The blazing sun seemed to fill the sky. As it did, the sleek, golden lionesses that had previously blended in with their arid surroundings rose like phoenixes from the fire. And as one they greedily eyed the grazing a la carte menu.
Must be lunchtime.
"Hang on." Said Dave, "They're on the move."
"Who is?" Said Bernard.
"That lot, look." Said Dave.
The big cats salivated freely as they squinted into the distance.
Bernard looked across the smouldering earth at the gathering hunting party. And the hairs on the back of his thick neck prickled with fear.
"Right Dave," he said, "Let's have some of the older and weaker folk between us and them then shall we?"
"Good idea." Said Dave.
The lionesses circled the wildebeest with a proficiency only seen in guerrilla warfare and the sharp-eyed lion cubs looked on and learnt.
"Hello Deirdre." Said Bernard as he nudged an aged, drowsy wildebeest to the front of the herd.
Oblivious, dear old Deirdre continued feeding.
As soon as Bernard and Dave were out of harms way they began to relax and they breathed much easier.
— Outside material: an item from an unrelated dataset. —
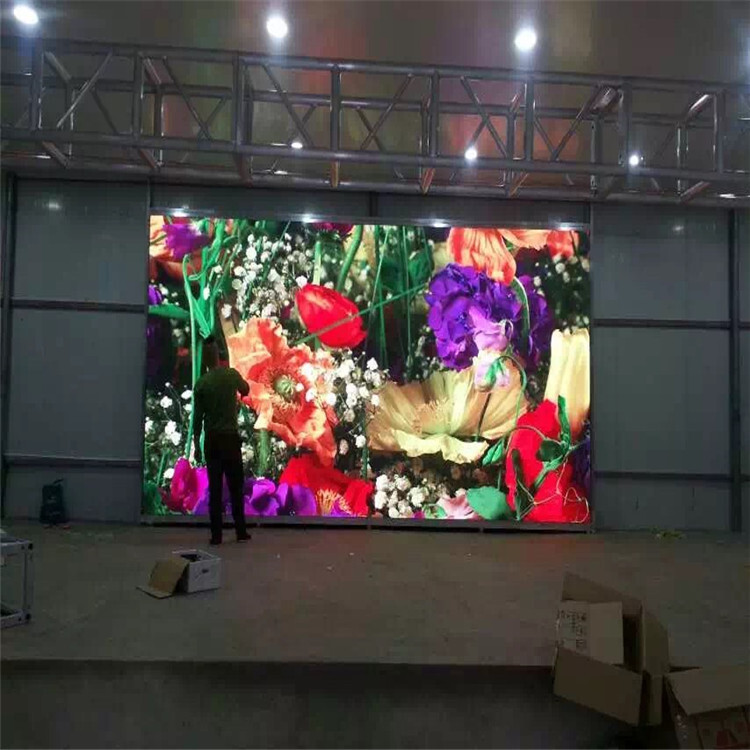 Conference room ted display full-screen P2P2.5P3 electronic screen advertising for hotel stage screens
But poor old Deirdre was felled in an instant, as a heaving mass of savagery converged on her.
Innards and entrails spilled everywhere, as Deirdre was ripped and torn apart. The resonant sound of crunching bones and stampeding game filled the air.
Hordes of wildebeest, zebra and buffalo scattered across the wastelands as the horizon became a mushrooming cloud of blood and dust.
Monkeys chuckled from the safety of the trees.
A black rhino looked on with indifference.
Bernard looked back at the ensuing carnage and turned to Dave.
"Tell you something Dave," he said, "it's a bloody jungle out there!"